- Opening Delimiter -
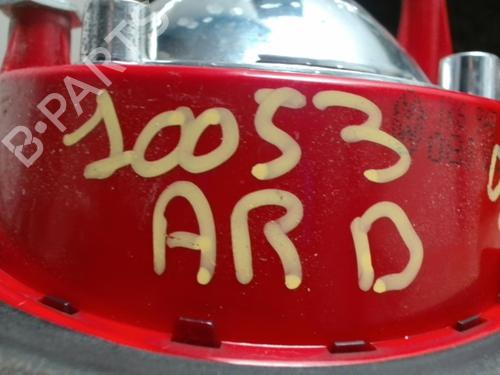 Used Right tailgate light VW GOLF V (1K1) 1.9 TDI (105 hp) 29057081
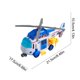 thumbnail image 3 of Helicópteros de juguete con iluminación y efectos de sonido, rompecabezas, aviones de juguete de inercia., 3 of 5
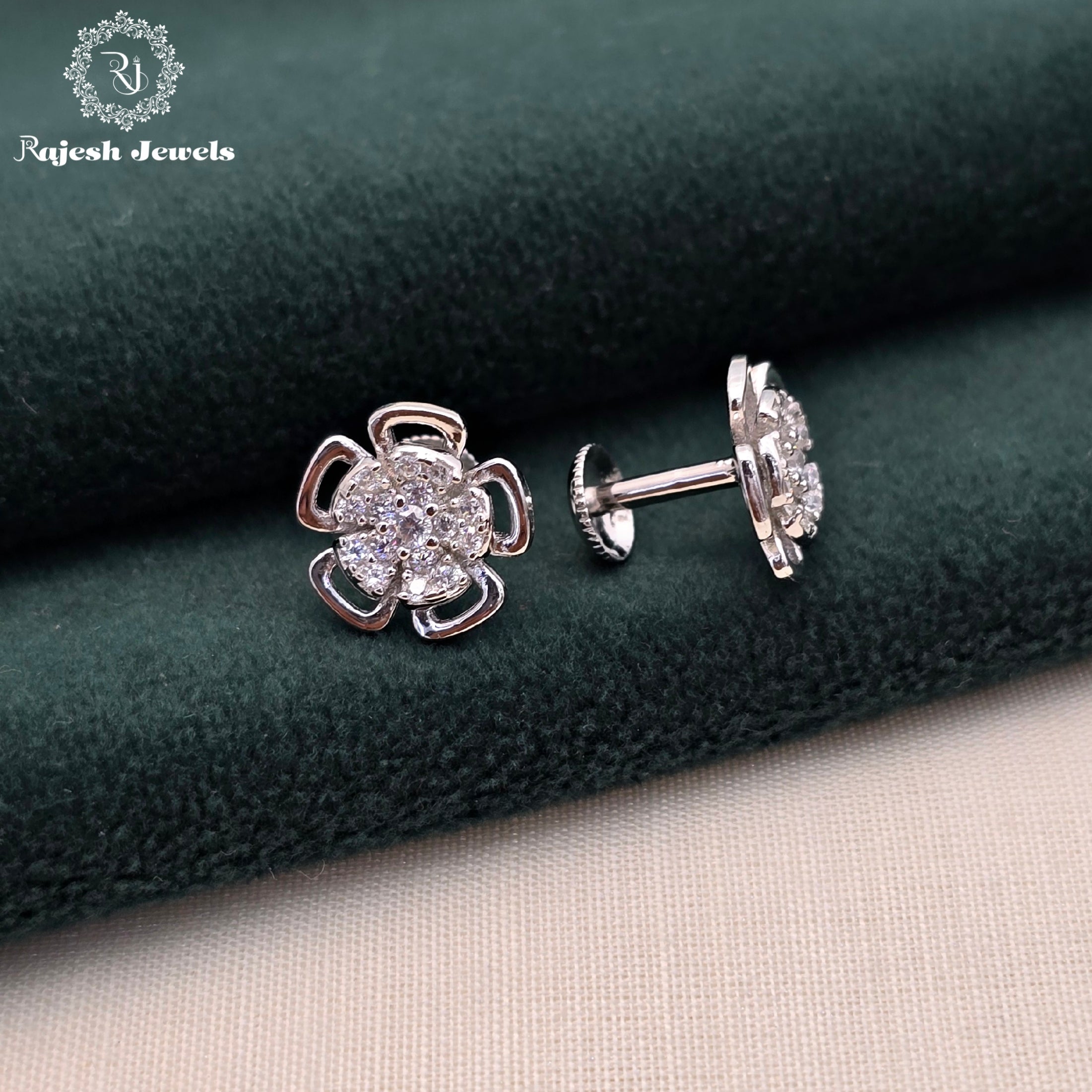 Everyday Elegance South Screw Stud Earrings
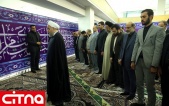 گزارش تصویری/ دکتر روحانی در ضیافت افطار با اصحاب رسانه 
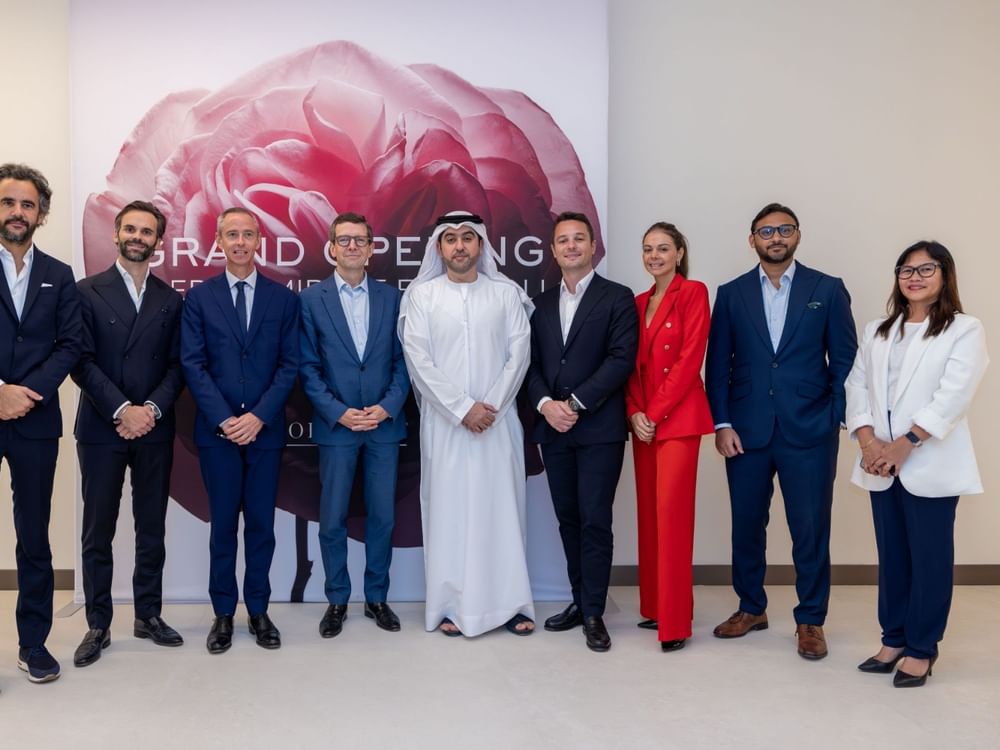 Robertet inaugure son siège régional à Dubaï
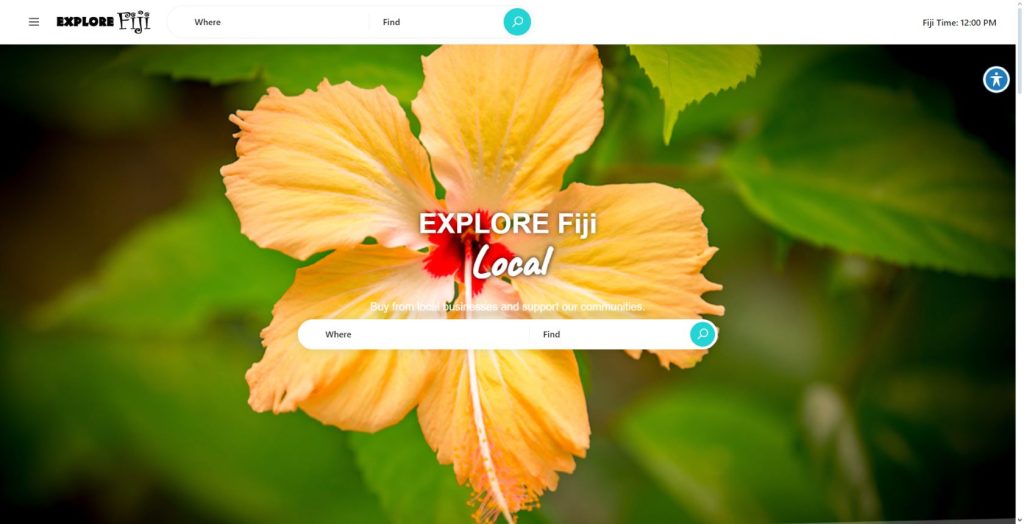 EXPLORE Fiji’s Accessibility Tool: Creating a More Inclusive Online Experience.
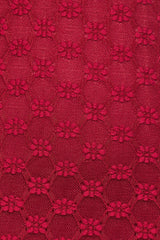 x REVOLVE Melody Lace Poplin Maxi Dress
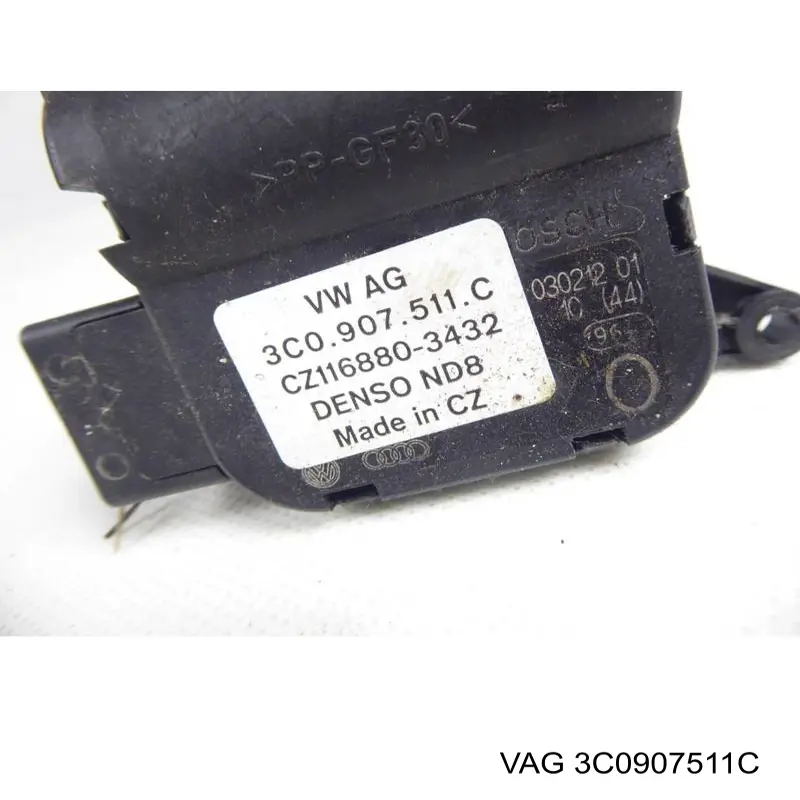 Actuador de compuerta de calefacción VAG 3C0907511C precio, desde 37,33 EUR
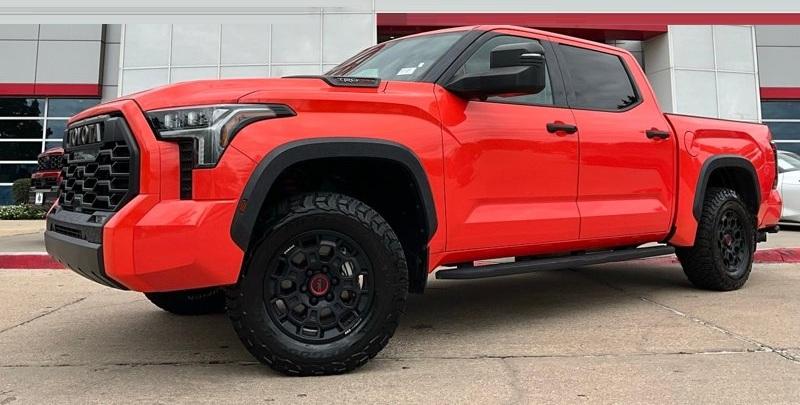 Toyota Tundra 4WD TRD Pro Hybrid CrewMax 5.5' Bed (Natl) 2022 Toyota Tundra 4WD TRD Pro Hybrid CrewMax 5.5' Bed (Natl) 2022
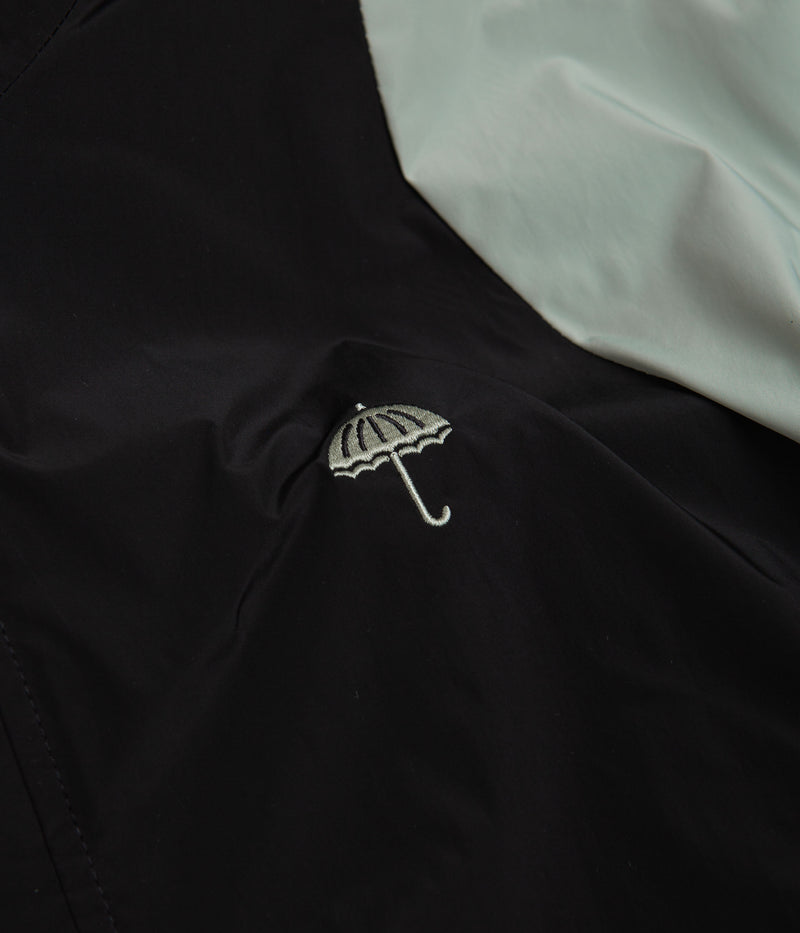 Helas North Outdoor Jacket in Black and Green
- Closing Delimiter -
§ EXERCISE PROMPT
Nothing but the lines from the line containing "(Natl) 2022 Toyota" through the last line of the material may be output, and they must be copied exactly, without pictures.

§ EXERCISE RESULT
 Toyota Tundra 4WD TRD Pro Hybrid CrewMax 5.5' Bed (Natl) 2022 Toyota Tundra 4WD TRD Pro Hybrid CrewMax 5.5' Bed (Natl) 2022
 Helas North Outdoor Jacket in Black and Green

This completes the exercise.